» YOUR INSTRUCTIONS
Your copy should hold exactly the lines from the beginning of the listing below through the line with "IKAPE 53,3 mm", without any pictures.

» GIVEN MATERIAL

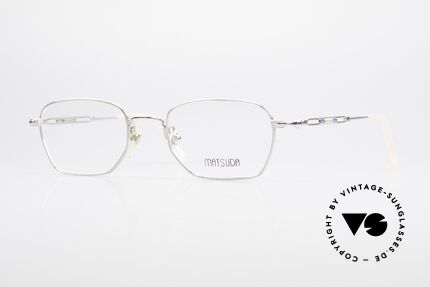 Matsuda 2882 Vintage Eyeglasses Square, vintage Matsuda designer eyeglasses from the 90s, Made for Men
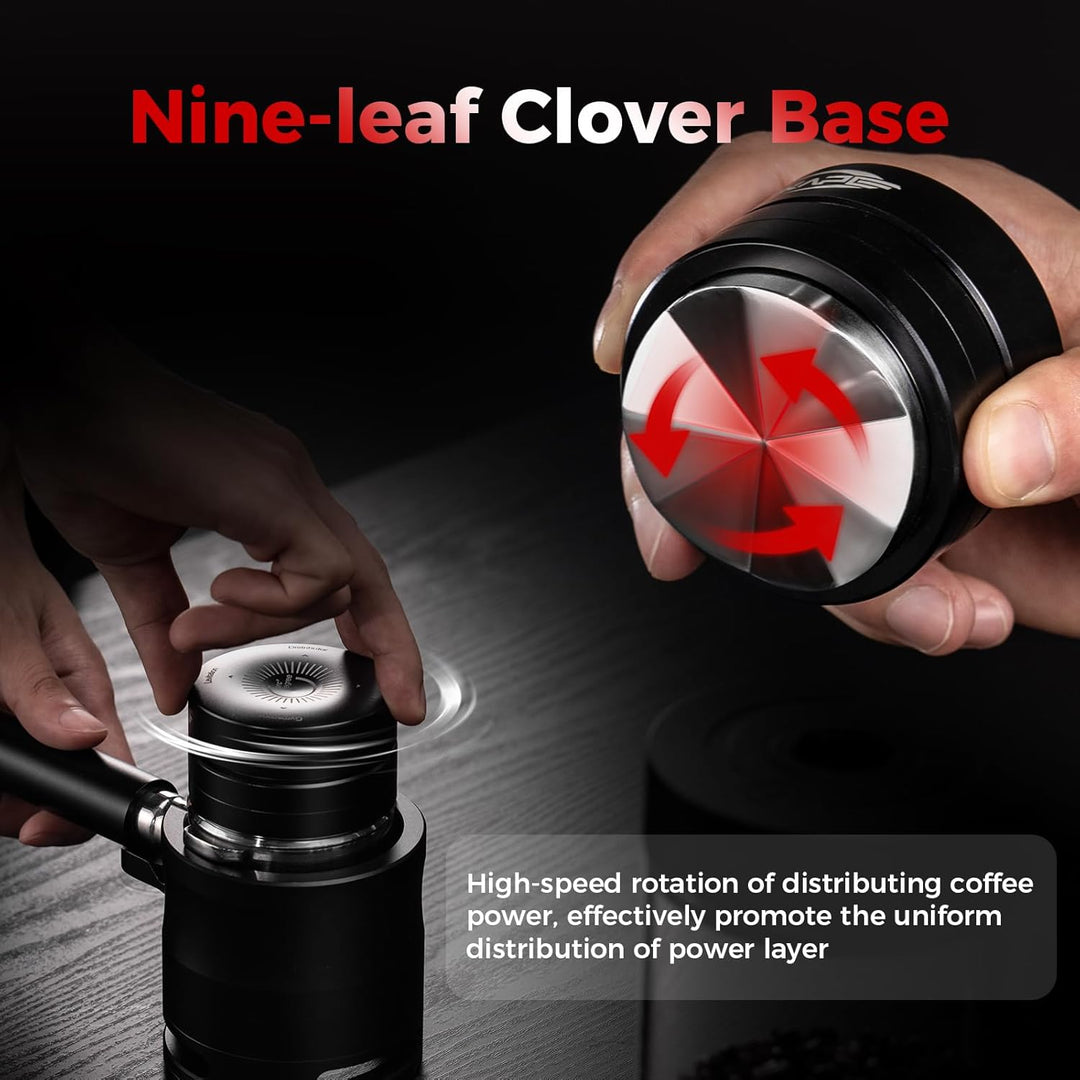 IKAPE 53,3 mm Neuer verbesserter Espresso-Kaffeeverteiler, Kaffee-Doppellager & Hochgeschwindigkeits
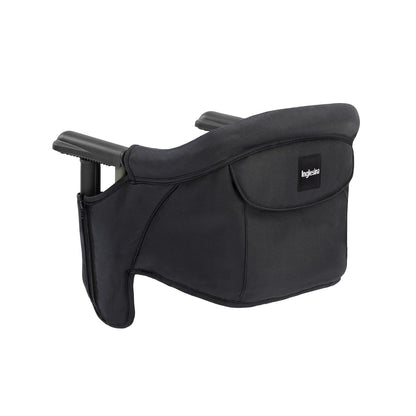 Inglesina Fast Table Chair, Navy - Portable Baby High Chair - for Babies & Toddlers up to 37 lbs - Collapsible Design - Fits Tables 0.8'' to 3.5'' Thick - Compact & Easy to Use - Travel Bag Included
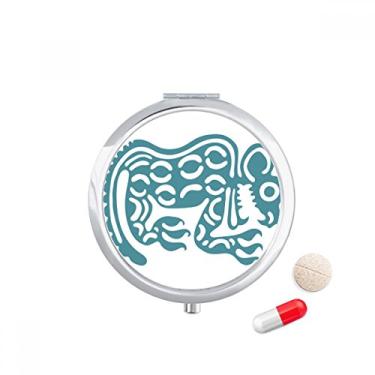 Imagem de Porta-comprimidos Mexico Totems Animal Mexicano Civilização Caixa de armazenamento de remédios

» RESULT FOR THIS EXERCISE
 Matsuda 2882 Vintage Eyeglasses Square, vintage Matsuda designer eyeglasses from the 90s, Made for Men
 IKAPE 53,3 mm Neuer verbesserter Espresso-Kaffeeverteiler, Kaffee-Doppellager & Hochgeschwindigkeits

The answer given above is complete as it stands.